The contest between the Philippine government and shadowy insurgents in a small village in the Pacific Ocean echoes the US' long wars and counter-insurgency campaigns against Islamist extremists since the terrorist attacks of 2001. But the Padas project is also linked to the defeat of ISIS and the Pentagon's race to stop its resurgence.
The US military's focus on Padas was fuelled by concerns of a possible regrouping by insurgents after the months-long siege and bloody battle for the nearby city of Marawi in 2017. What remained of the ISIS affiliate then fled to the south and to other islands, and they started to rebuild and recruit in villages like Padas. A November report to Congress put the number of ISIS fighters in the Philippines at about 500.
The US military has deployed about 250 troops to the southern Philippines. They are part of a counterterrorism campaign that has existed in some capacity since 2002 but was officially restarted by the Pentagon in 2017 under the name Operation Pacific Eagle.
Whatever the international community gives us, we'll accept. But first thing to address is security. Eliminate ISIS so our livelihoods can be stable.
MR MACARAYA AMPUAN, an influential village leader, on how water from the pump will help impoverished farmers establish trust in the government and, in turn, seek to undermine the militants' influence.
The mission is rarely promoted because of sporadic political tensions between Washington and Manila. President Rodrigo Duterte has previously threatened to eject US forces from the country.
At the tip of that effort is the US$58,000 (S$78,900) water pump in Padas.
The project was started by Captain Angela Smith, leader of the four-person civil affairs team, after residents told her of their over-2km trek to get water.
The machine, and the solar panels that power it, were donated by two non-profit organisations: the US-Philippines Society and Spirit of America.
"One water pump, one classroom that we help build, those things make a difference," Mr Sung Yong Kim, the US envoy to the Philippines, said in a recent interview. "So we want to do as much as that as possible."
The State Department and the US Agency for International Development have funded nearly US$60 million for reconstruction efforts around Marawi.
Capt Smith's team, whose soldiers wear civilian clothes and are often escorted by a Marine Special Operations unit based in Marawi, is the military's latest embrace of a trademark American counterinsurgency strategy of winning over local populations.
In the lake region between Marawi and Padas, "internally displaced persons and their communities are vulnerable to violent extremist recruiting and influence", Capt Smith said in an e-mail. "Our goal is to work with our Philippine partners to facilitate assistance in areas of greatest need."
Last month, Philippine troops supported by Marine commandos killed Abu Dar, the nom de guerre of the third and last surviving ISIS leader who was responsible for carrying out the battle in Marawi, said villagers and American officials.
The thick jungles, porous borders and little government presence in the Philippines' southern islands have bolstered a range of extremist groups with money, weapons and militants arriving by sea from Indonesia and Malaysia.
Mr Ampuan, the village leader who once commanded the Moro Islamic Liberation Front in Padas, is afraid there are ISIS fighters who have been recruited from his community but have yet to surrender or be killed. "ISIS offers money and guns to the young people.

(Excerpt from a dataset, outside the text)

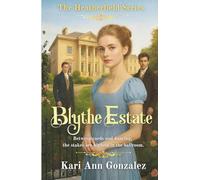 Blythe Estate: Between Cards and Dancing, the Stakes are Highest in the Ballroom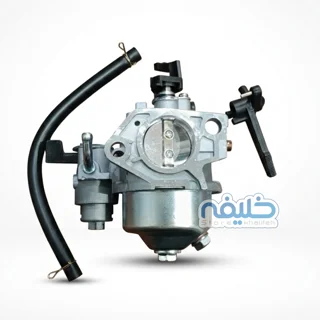 کاربراتور هندا GX390 شیر دار ساده RMC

Young people are not aware of the reality when they join," he said.
The Moro Islamic Liberation Front is a separatist militia that signed a peace deal with Manila in 2014. While Muslims in the southern Philippines gained more autonomy last year under a new law, Mr Ampuan said government officials in Manila still have not given the people of Padas the authority to stop ISIS from infiltrating the village.
Trying to mediate from the middle are the American civil affairs soldiers and employees of Impl. Project, a US-based non-profit group working in tandem in Padas to install the water pump and help form a local council to manage it.
For the water pump to work, the Philippine military must provide enough security to protect the people who, in turn, need to learn how to keep it running.
"The water pump becomes the vehicle for them to learn how to govern themselves again," said Mr Justin Richmond, founder of Impl. and a former Army Special Operations soldier.